We all want the best for our kids, family members, and those special to us. One of the best ways to start off our loved ones with a secure future is putting away funds for education and schooling expenses. Every day you hear of crippling student debt burying the youth of today, so most of us want our loved ones to avoid bearing those costs. Maybe you even have some personal experience with that scenario. A great shelter we can create is called a 529 plan.

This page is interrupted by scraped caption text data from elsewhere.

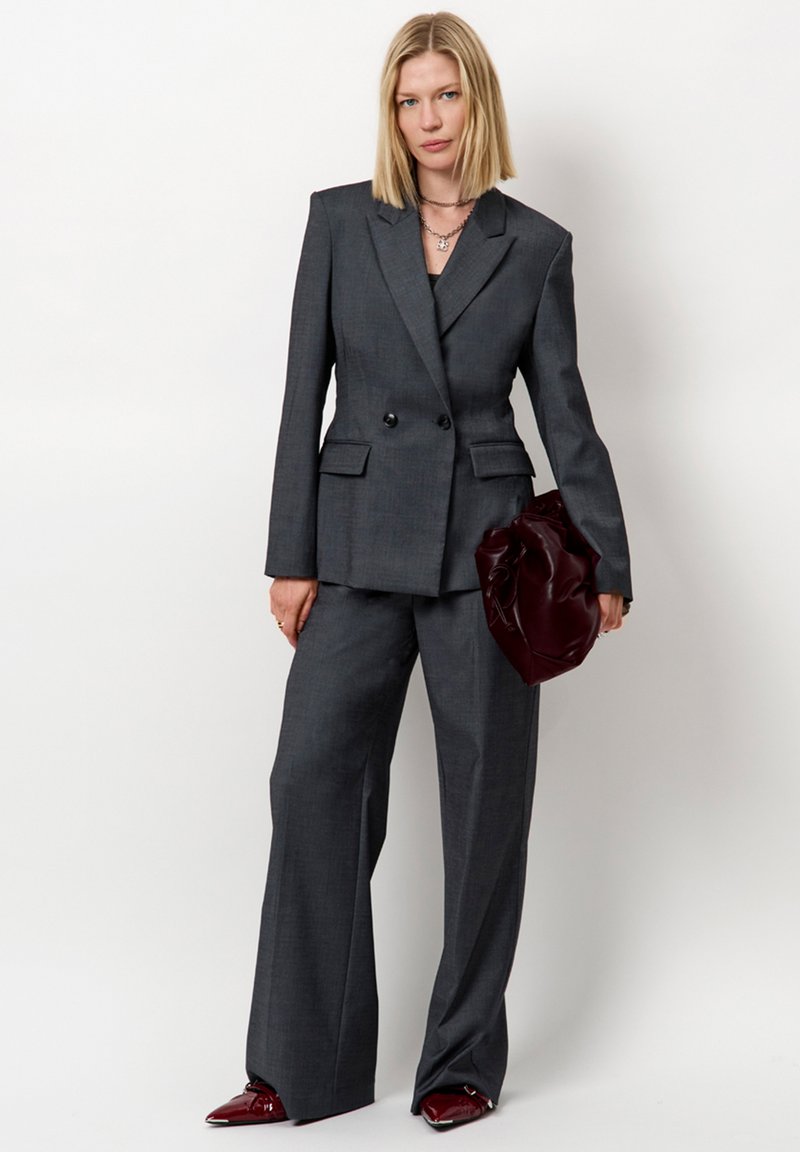 Vrouw in een op maat gemaakt donkergrijs pak met een wijde broek, die een donker bordeaux kleurige slouchy clutch vasthoudt, staand tegen een witte achtergrond.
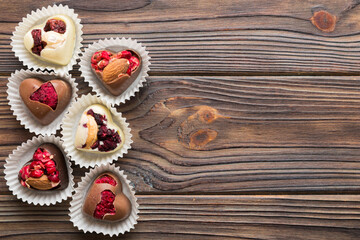 chocolate sweets in the form of a heart with fruits and nuts on a colored background. top view with space for text, holiday concept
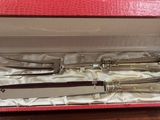 a set of silverware in a red box on a table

Expanding on the topic – 529 plans are qualified tuition programs meaning a program that is established and maintained by a State or Agency. A 529 plan can be used to purchase tuition credits on behalf of the beneficiary of the plan. The great thing is the money contributed within a 529 plan is able to grow tax free. Distributions from the plan, as long as used for qualified expenses, are not includable in the beneficiaries income.
Some of the expenses that count as a qualified expense are as follows:
- $10,000 per year for private school education for grades K- 12
- $10,000 in student loan repayment
- Secondary education tuition and fees
- Books and supplies for post secondary education
- Computers, softwares, internet costs for postsecondary education
- Room and board for school (as long as the beneficiary is enrolled at least half time)

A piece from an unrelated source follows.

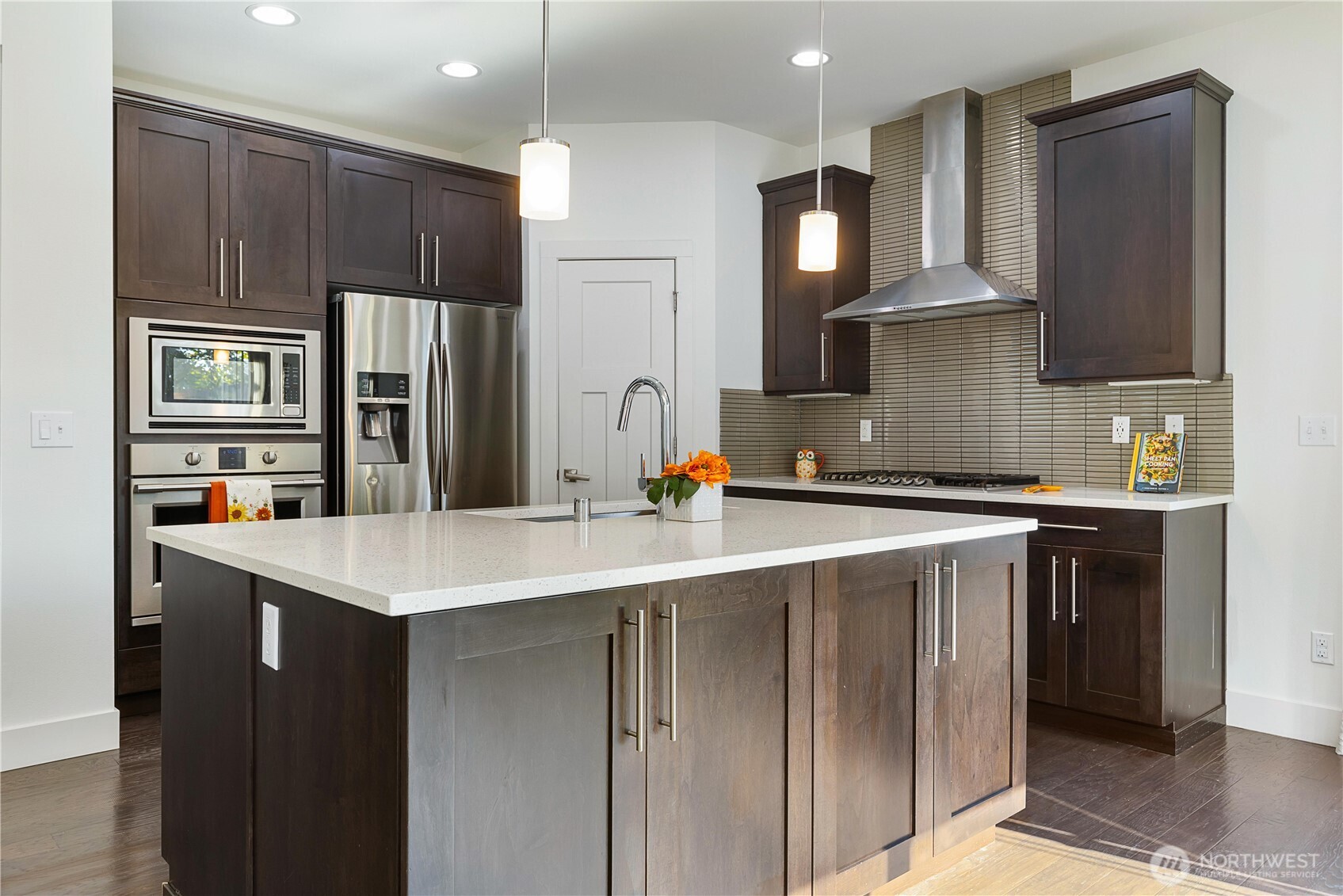 4214 223rd Place Southeast Bothell, WA 98021 - Photo 15 of 37 a kitchen with stainless steel appliances a sink stove and refrigerator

Tuition and fees normally come to mind for college, but the IRS has expanded these fees to include vocational and trade schools and public or private schools. An important factor to remember in today’s era is that the tuition and fees do not need to be in person classes, it can be classes that do not require physical presence on campus.
So it’s a no brainer – put the funds away. However, the next question that comes to mind is how much? There is no definitive way to ensure we have enough money or too much money in the plan to cover your beneficiary’s educational expenses. Luckily, the IRS is giving our beneficiaries a nice break in the form of remainder funds. They give you two choices:
- Rollover 529 funds to a qualifying family member’s plan
- Rollover 529 funds to the beneficiary’s Roth IRA
Rolling over 529 plans to a qualifying family member’s plan can be a great way to use remaining funds. A qualifying family member is brothers, sisters, foster children, adopted children, nieces, nephews, aunts, uncles, in-laws and first cousins. Once they obtain the funds in the new 529, the same qualifying distribution rules that applied, now apply to the new beneficiary. It can be a great way to help other loved ones with their own educational needs.

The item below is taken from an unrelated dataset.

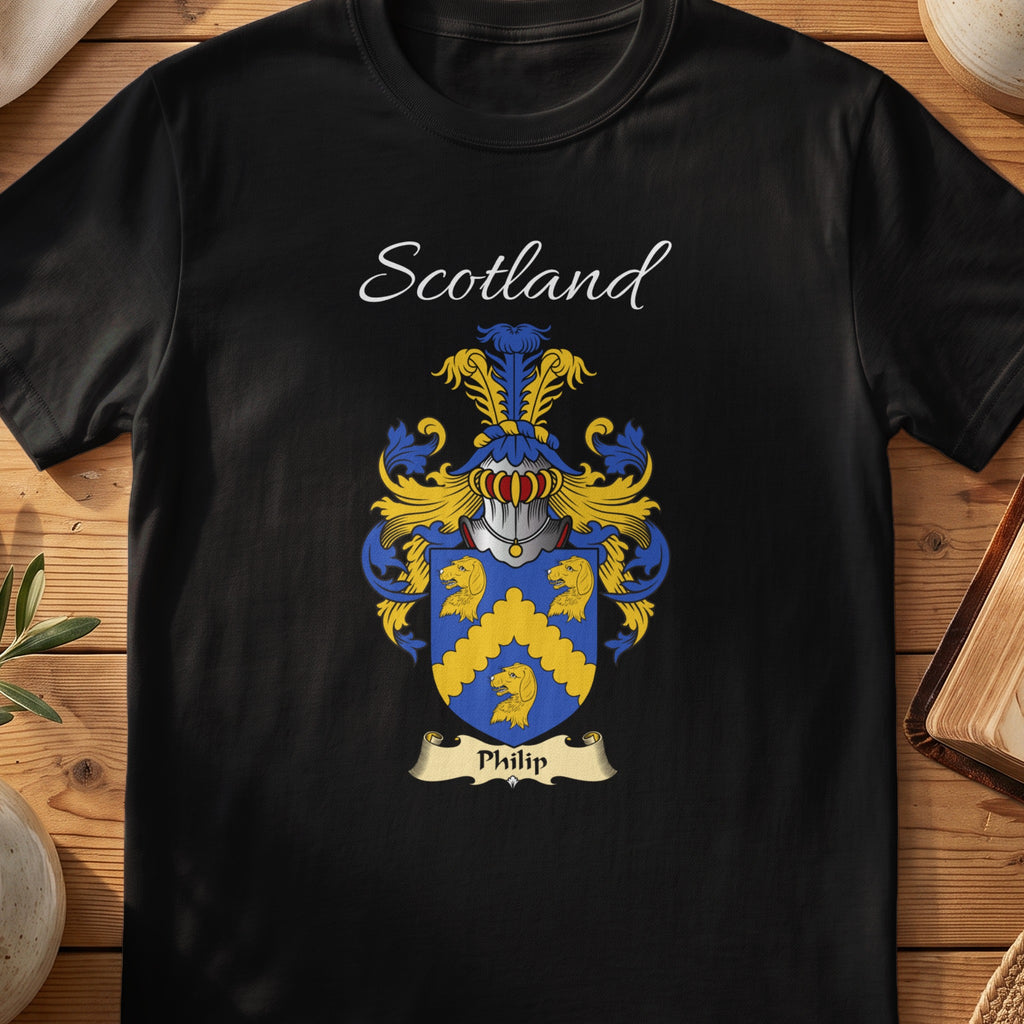 Black Philip Scottish family crest T-shirt laid flat, showing “Scotland” above a blue-and-gold shield with three gold wheat-sheaf-like emblems.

In December 2022, the Secure 2.0 Act was passed and created another great use for your loved one’s 529 plan. Effective in 2024, the Secure Act 2.0 will allow beneficiaries of 529 plans to rollover funds to the beneficiary’s Roth IRA. However, to do these rollovers of unused funds, a few rules must be meet:
- The account must have been held for at least 15 years.
- No more than $35,000 of unused funds can be rolled over to a Roth IRA (lifetime).
- Any contributions to the 529 plan within the last 5 years (and earnings on those contributions) are ineligible to be moved over to the Roth IRA.
- No more than the annual limit can be rolled over to a Roth IRA in a year (for 2023, this amount is $6,500). These rollovers reduce the amount you are eligible to contribute to the Roth IRA that year.
All of a sudden, you now take some of the guesswork out of how much to contribute to your loved one’s plan. Stepping away from this article, your takeaway is knowing the earlier you start the plan, the better (even if you don’t fund it). 15 years is a long time to hold an account, get the clock ticking early so that your beneficiary can have more options as their disposable. This is not just a tax saving method but also a great way to set up our loved one’s for a more lucrative future.